ALLE GIORNATE DEL CINEMA MUTO È IL MOMENTO DEI PROMESSI SPOSI
DI MARIO BONNARD CON LA MUSICA DI VALTER SIVILOTTI
I MUTI DI DREYER E MIZOGUCHI
Non la prima, ma sicuramente la più celebre versione dei Promessi sposi nell’epoca del muto, è l’evento di mercoledì 10 ottobre, alle 20.30, alle Giornate di Pordenone, in corso al Teatro Verdi. Diretto da Mario Bonnard, il film ricostruisce fedelmente atmosfere e personaggi manzoniani nella Milano del ‘600 sotto la dominazione spagnola, grazie all’ottimo lavoro di Camillo Innocenti, pittore della scuola romana che lavorò per qualche anno per il cinema, e del direttore della fotografia, Giuseppe-Paolo Vitrotti, fratello minore di Giovanni. Il restauro del film è stato effettuato dalla Fondazione Cineteca Italiana di Milano in collaborazione con la Cineteca Nazionale di Roma utilizzando anche materiali messi a disposizione dallo Svenska Filminstitutet. Per I promessi sposi c’è una nuova partitura musicale del compositore udinese Valter Sivilotti, eseguita dal vivo, con la direzione di Massimo Belli, dalla Nuova Orchestra da Camera “Ferruccio Busoni” di Trieste con la collaborazione dell’Accademia Naonis di Pordenone. L’evento è co-prodotto da Piano FVG.
Alle ore 10, nell’ambito della rassegna sul cinema scandinavo, è in programma il film di Carl Th. Dreyer Prastankan (La vedova del pastore, 1920), ambientato nella Norvegia del XVII secolo e girato con grande realismo nelle abitazioni storiche di Maihaugen, un vero e proprio museo all’aperto vicino a Lillehammer.

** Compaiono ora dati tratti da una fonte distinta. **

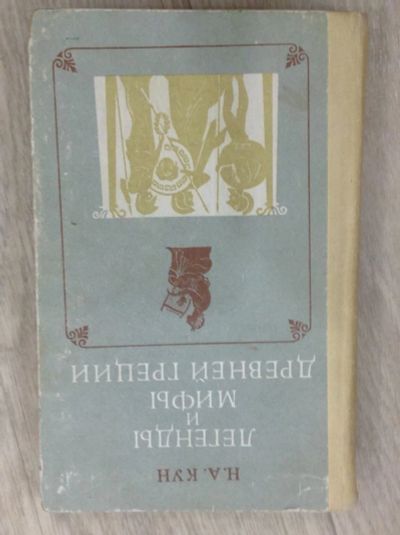 Лот: 10525207. Фото: 1. Мифы Древней Греции. Другое (справочная литература)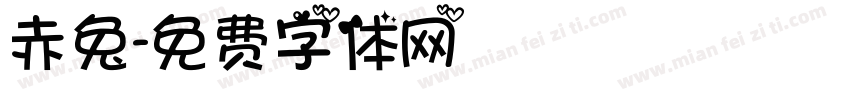 赤兔字体转换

Alle ore 23 un altro maestro, Kenji Mizoguchi, con un film del 1935, Orizuru Osen (La caduta di Osen). È un momento di passaggio, dal muto al sonoro, che “non è una mera circostanza storica nello stile del regista bensì un elemento influente e decisivo della formazione artistica di Mizoguchi.” Il primo film sonoro di Mizoguchi risale al 1930 e anche Orizuru Osen doveva essere un sonoro. Fu girato come film muto solo perché le attrezzature necessarie non arrivarono in tempo. Orizuru Osen è pertanto l’ultimo saundo-ban (film girati come muti e distribuiti con una colonna sonora postsincronizzata) di Mizoguchui, un super saundo-ban perché oltre ai soliti effetti sonori e musicali comprendeva anche una narrazione benshi pre-registrata.
Alle ore 14.30 Liebe (Storia dei tredici, 1927) di Paul Czinner, ispirato alla Duchessa di Langeais, che fa parte di una trilogia di romanzi che Balzac riunì sotto il titolo “Storia dei tredici”, i cui personaggi ricorrono in ogni episodio e costituiscono una cricca massonica che opera ai più alti livelli della società parigina. Il personaggio della duchessa è stato il cavallo di battaglia di molte grandi attrici e il regista Paul Czinner volle che nel ruolo si cimentasse anche la sua compagna Elisabeth Bergner, una delle più grandi interpreti della scena teatrale in Germania. Alla lista delle star che impersonarono sullo schermo la duchessa di Langeais, fra cui l’italiana Lyda Borelli e l’americana Norma Talmadge, manca la stella più luminosa, Greta Garbo, in un progetto che rimase un sogno non realizzato di Max Ophuls.
Completano il quadro della giornata i film di John M. Stahl della serie su Lincoln (ore 9.00) e, alle 11.45, The Song of Life, del 1922, che nella scena iniziale, di sorprendente intensità, prefigura The Wind di Victor Sjöström. Una donna isolata in una casupola nel deserto, sferzata dal vento e dalla sabbia, è tiranneggiata da un marito ottuso e brutale ed è inesorabilmente aggiogata a una montagna infinita di piatti sporchi. Da qui lo slogan con cui venne lanciato il film, “un dramma di piatti e di scontento”.